Accogliere il Dio Bambino significa anzitutto accogliere la vita, ogni vita, in ogni suo stadio. In quella greppia c’era il Figlio di Dio; in ogni greppia, oggi, ci sono i figli di Dio che chiedono di essere amati con la stessa passione.
Davanti al Dio Bambino, scompare ogni pensiero di violenza, di odio. Dobbiamo disarmare anzitutto i cuori, prima ancora che le mani. I conflitti e le guerre non risolvono i problemi, anzi li accrescono. Perciò, diventiamo artigiani di pace da subito, facendo sì che aumenti la spesa sociale, non quella militare.
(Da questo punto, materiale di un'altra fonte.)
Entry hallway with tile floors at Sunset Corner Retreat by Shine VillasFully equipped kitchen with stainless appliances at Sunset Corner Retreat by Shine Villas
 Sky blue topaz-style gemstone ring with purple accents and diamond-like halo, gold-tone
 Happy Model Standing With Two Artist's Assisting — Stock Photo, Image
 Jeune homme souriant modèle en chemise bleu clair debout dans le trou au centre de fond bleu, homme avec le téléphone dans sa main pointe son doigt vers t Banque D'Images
Diamo concretezza al canto degli angeli: “Pace in terra agli uomini che Egli ama”.
Il Dio Bambino infonde speranza, ed è quella speranza che vorremmo trasmettere a quanti hanno perso il posto di lavoro, a quanti sono a rischio, a chi non riesce a immaginarsi un futuro, magari perché malato, inabile, anziano, a chi noi stessi non consentiamo un futuro perché discriminato, emarginato, scartato.
Questo Natale ci introdurrà all’Anno Santo, un giubileo in cui, come dice Papa Francesco, “la testimonianza credente possa essere nel mondo lievito di genuina speranza” (Spes non confundit 25). È un progetto di vita che ci coinvolge e ci chiama a essere impegnati per tutta l’esistenza. Come Vescovi del Molise, vorremmo ripetere a noi stessi e a voi le stesse parole dell’angelo ai pastori: “Non temete, ecco vi annunzio una grande gioia, che sarà di tutto il popolo: oggi vi è nato nella città di Davide un Salvatore, che è Cristo Signore” (Lc 2,10-11). Accogliamo questo annuncio, mettiamoci in cammino e lasciamoci ancora stupire dal Dio che si è fatto Bambino.